━━━━━ Data to process ━━━━━

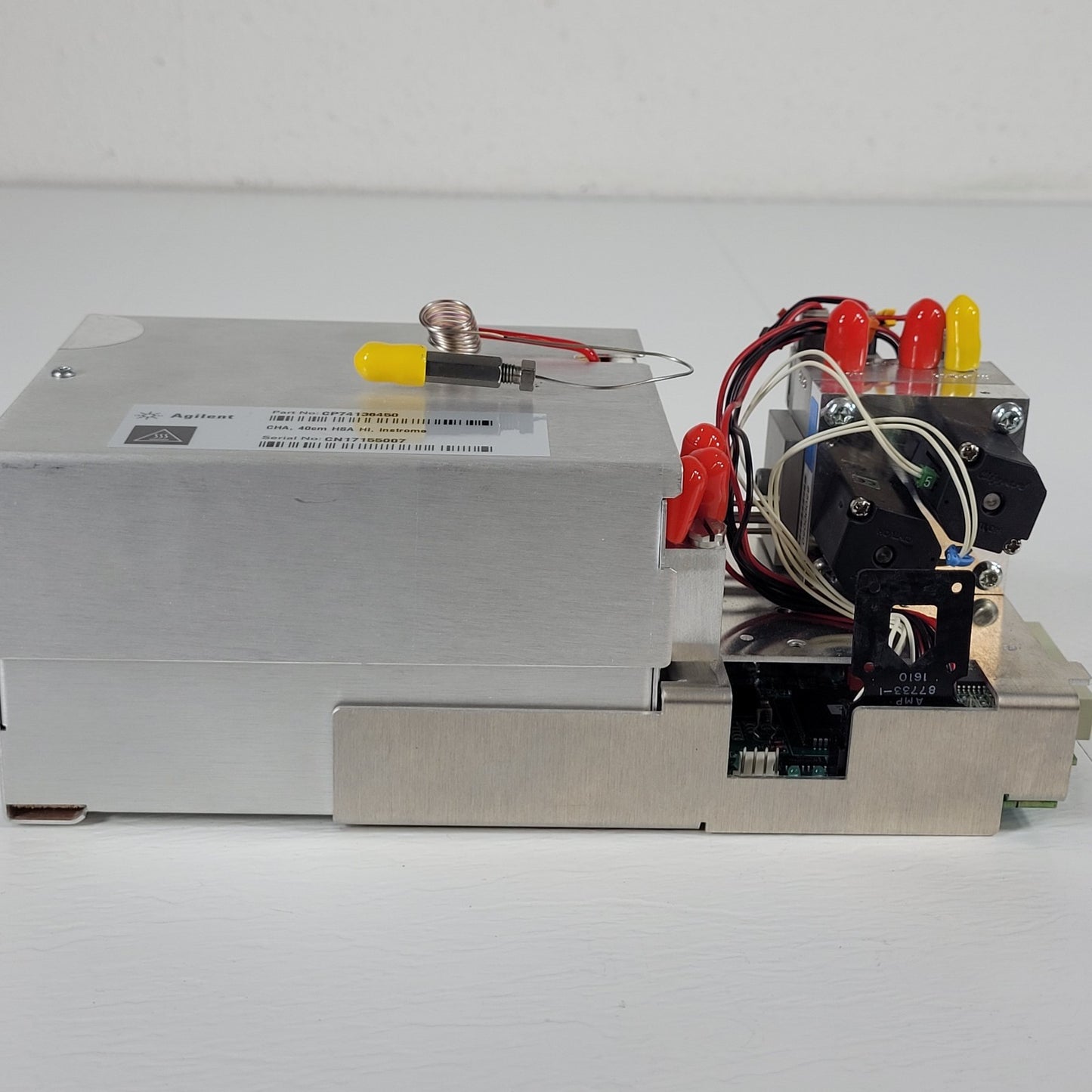 Agilent CP74136450 490 Micro GC Channel Straight Heated Injector Haysep A 40cm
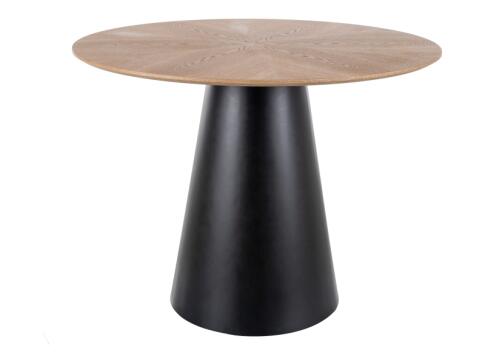 Стол обеденный SIGNAL ANGEL дуб/черный 100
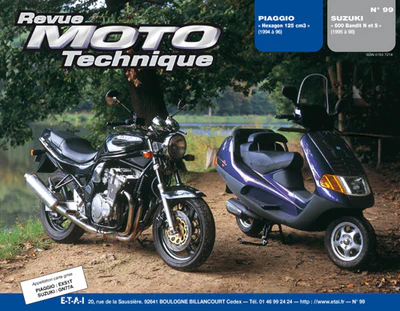 RMT  99.3 PIAGGIO HEXAGON 125/SUZUKI 600 BANDIT - Image 2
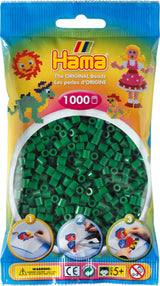 Sachet de perles Hama - 1000 mcx - La Ribouldingue
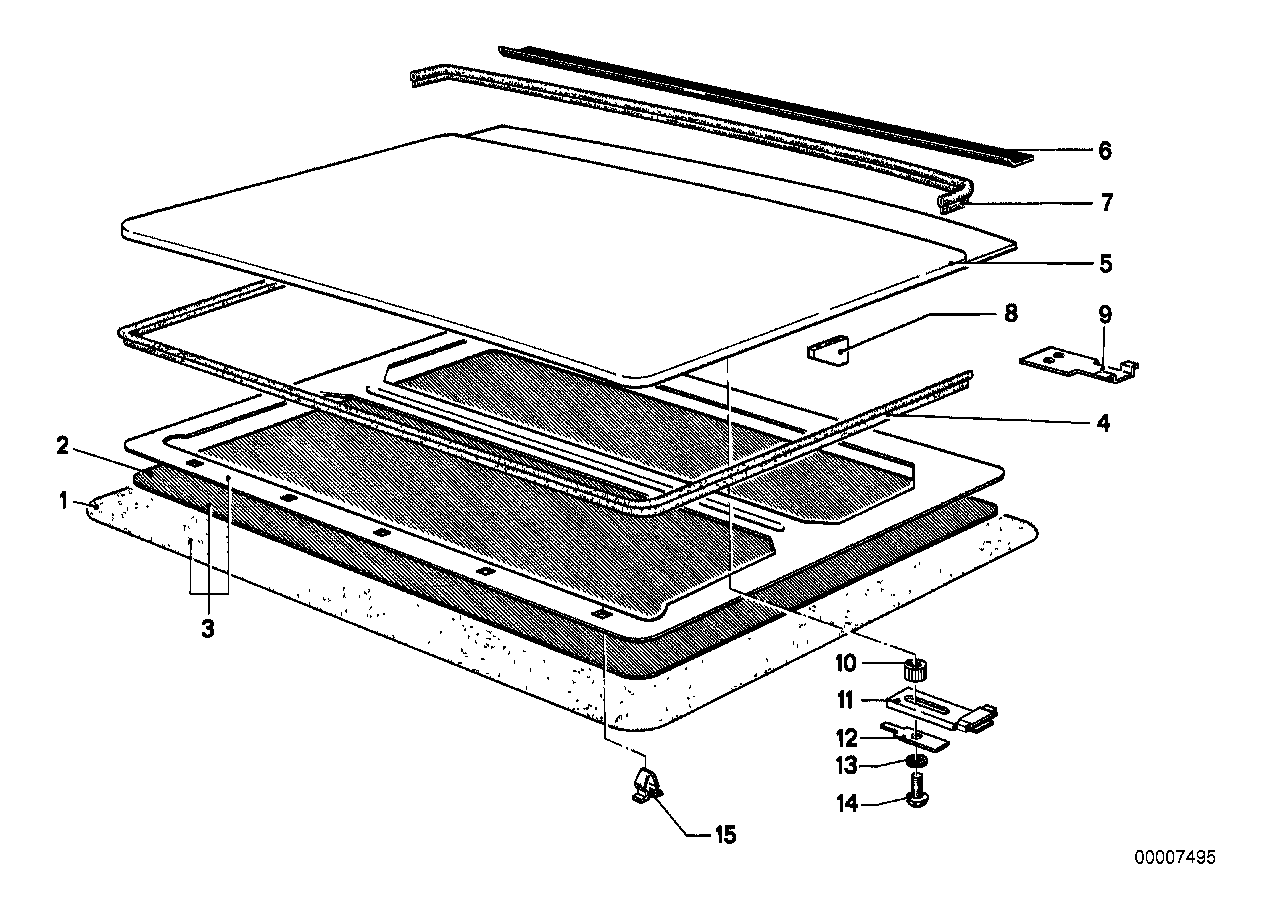 BMW 07119936118 Tooth Washer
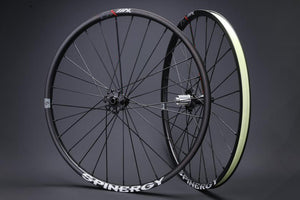 SPINERGY GX MAX ALLOY GRAVEL DISC WHEELSET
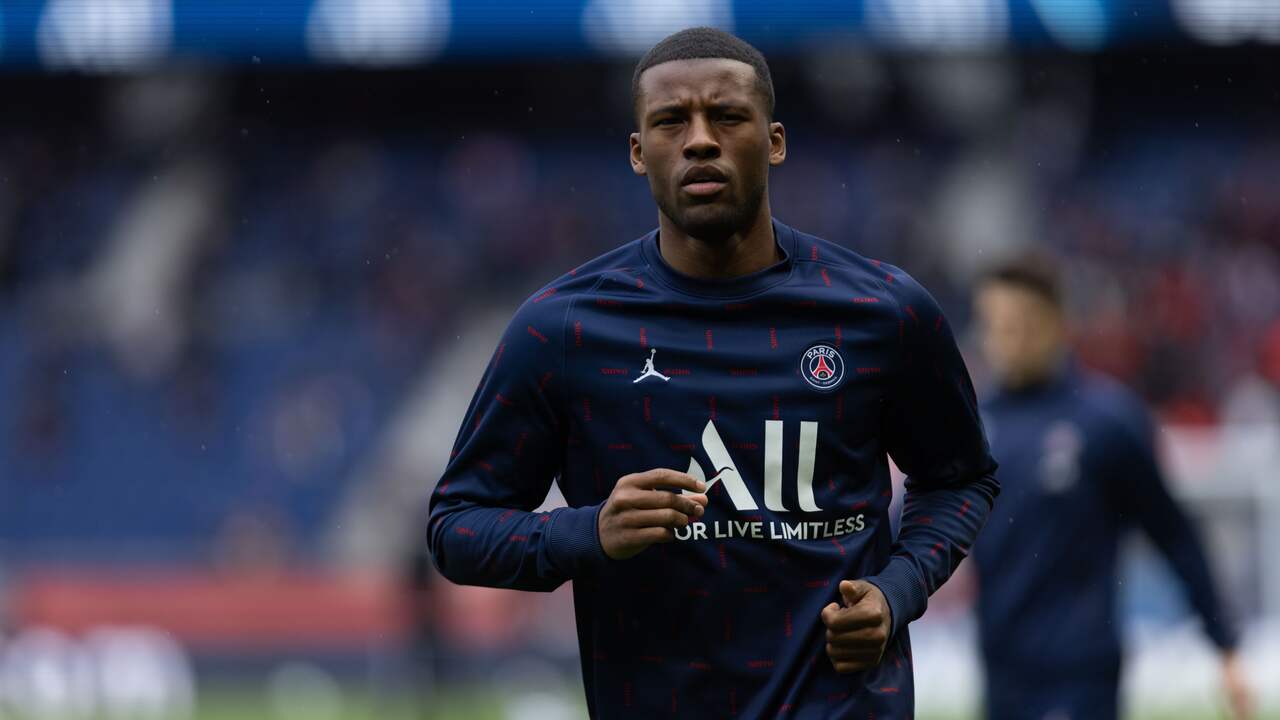Wijnaldum ondanks assist in oefenduel niet op trainingskamp met PSG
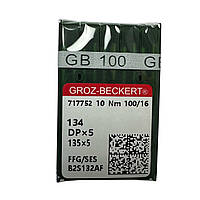 Голки для швейних машин Groz-Beckert DPx5 FFG/SES №100/16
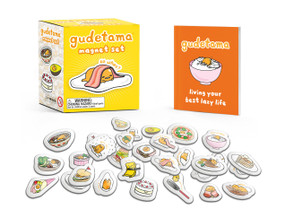 Gudetama Magnet Set by Jenn Fujikawa, 9780762485031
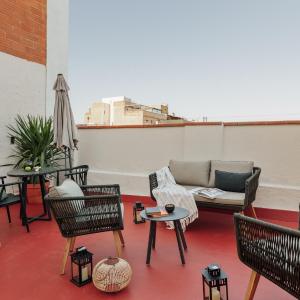 Balat - 2 bedrooms and terrace in Eixample Dreta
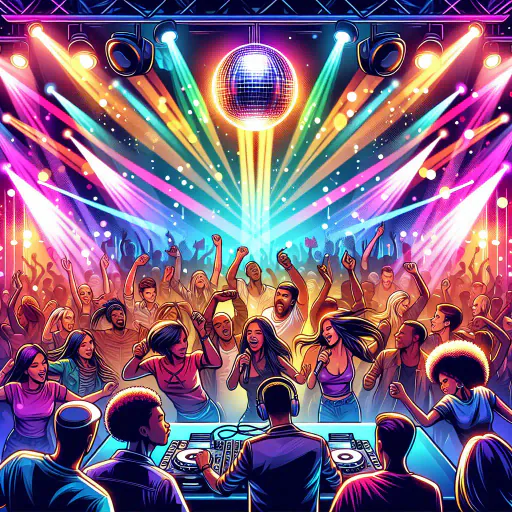 Illustration for Party Music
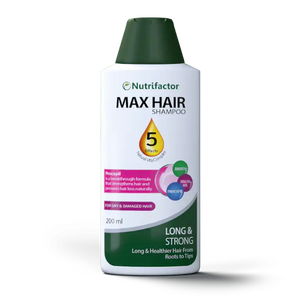 Nf Max Hair Shampoo 200Ml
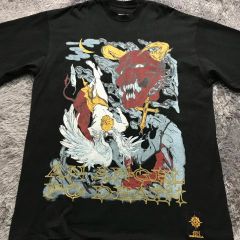 鬼滅の刃 刺繍プリントTシャツ 煉獄杏寿郎 XXLサイズ - メルカリ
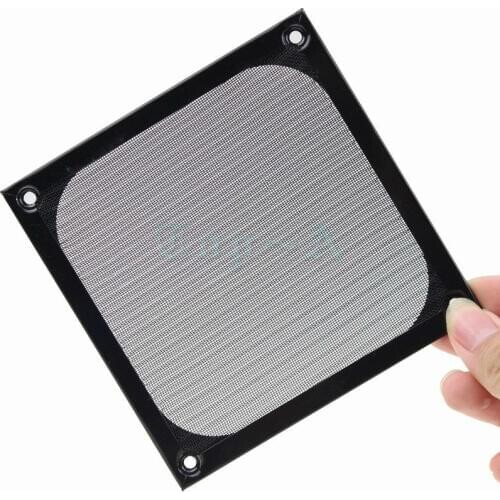 Gdstime 5 PCS Thick 12cm PC Computer Dustproof 120mm Case Fan Dust Filter 12x12cm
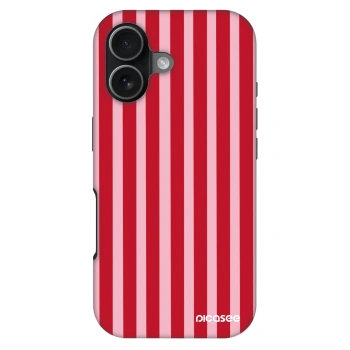 Husă pentru Apple iPhone 17 - Lines red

━━━━━

- Problem description -
Leaving the pictures aside, transcribe exactly the lines from the one containing "BMW 07119936118 Tooth Washer" to the final line of the entries above, both ends included.

- Exercise solution -
 BMW 07119936118 Tooth Washer
 SPINERGY GX MAX ALLOY GRAVEL DISC WHEELSET
Wijnaldum ondanks assist in oefenduel niet op trainingskamp met PSG
 Голки для швейних машин Groz-Beckert DPx5 FFG/SES №100/16
 Gudetama Magnet Set by Jenn Fujikawa, 9780762485031
 Balat - 2 bedrooms and terrace in Eixample Dreta
 Illustration for Party Music
 Nf Max Hair Shampoo 200Ml
 鬼滅の刃 刺繍プリントTシャツ 煉獄杏寿郎 XXLサイズ - メルカリ
 Gdstime 5 PCS Thick 12cm PC Computer Dustproof 120mm Case Fan Dust Filter 12x12cm
 Husă pentru Apple iPhone 17 - Lines red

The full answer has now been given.